Sometimes life really sucks.. so sorry to hear this.


----------



## arktixan (Mar 30, 2010)

Let's hope things turn around quickly! xD


----------



## bettaforu (Sep 6, 2009)

Well someone upstairs must like me  I just found my Tibee is NOT dead, but alive and well. I was absolutely certain that dead shrimp was my black/white Tibee this one.
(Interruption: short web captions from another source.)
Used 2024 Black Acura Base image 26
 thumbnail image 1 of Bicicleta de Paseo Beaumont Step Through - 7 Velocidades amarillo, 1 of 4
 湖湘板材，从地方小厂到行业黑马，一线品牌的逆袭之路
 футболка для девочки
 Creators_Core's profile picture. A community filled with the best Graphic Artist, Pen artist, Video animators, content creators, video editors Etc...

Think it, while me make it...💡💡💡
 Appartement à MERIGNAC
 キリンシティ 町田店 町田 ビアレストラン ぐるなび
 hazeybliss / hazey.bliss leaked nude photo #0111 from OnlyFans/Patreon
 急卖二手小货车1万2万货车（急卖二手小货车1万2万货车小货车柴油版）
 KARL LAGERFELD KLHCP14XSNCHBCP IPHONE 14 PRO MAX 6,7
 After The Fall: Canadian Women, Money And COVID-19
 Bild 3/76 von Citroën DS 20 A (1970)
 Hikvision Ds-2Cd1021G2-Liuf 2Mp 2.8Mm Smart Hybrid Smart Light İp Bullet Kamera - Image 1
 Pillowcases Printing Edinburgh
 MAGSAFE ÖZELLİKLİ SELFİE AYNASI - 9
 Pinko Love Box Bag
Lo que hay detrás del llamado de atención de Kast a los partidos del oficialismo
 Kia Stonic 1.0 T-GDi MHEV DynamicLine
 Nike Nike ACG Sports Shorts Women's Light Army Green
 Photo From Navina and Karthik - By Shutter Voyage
I think it must have been one of my BKK....it was so dried out and all I could see was the black/white on it, and I couldn't find this one anywhere, so I thought it was her!

THANK YOU LORD!


----------



## Egonsgirl (Feb 28, 2012)

That is so awesome.... Maybe this year may have a few good days.  YAY!!


----------



## Dman (May 1, 2012)

I love that red tiger  never see them anywhere


----------



## arktixan (Mar 30, 2010)

Hooray! 

That's excellent News!


----------



## Fishfur (Mar 4, 2012)

Yahoo... good news.. nice to hear for a change !


----------



## bettaforu (Sep 6, 2009)

Matt took all the Red Tigers  Hopefully he can breed enough to supply GTA members down the road


----------



## Dman (May 1, 2012)

bettaforu said:


> Matt took all the Red Tigers  Hopefully he can breed enough to supply GTA members down the road


I wasn't aware you sold them, wish I knew, I asked you a long time about them :S


----------



## bettaforu (Sep 6, 2009)

Andrew, they were posted on the classified section for a few days. 

Matt was the 2nd person to contact me about them....the 1st one said he wanted them then never got back to me . 

Sorry but, I didn't remember who all said they were interested in them, so I just posted the ad and figured everyone would see it and pm me.


----------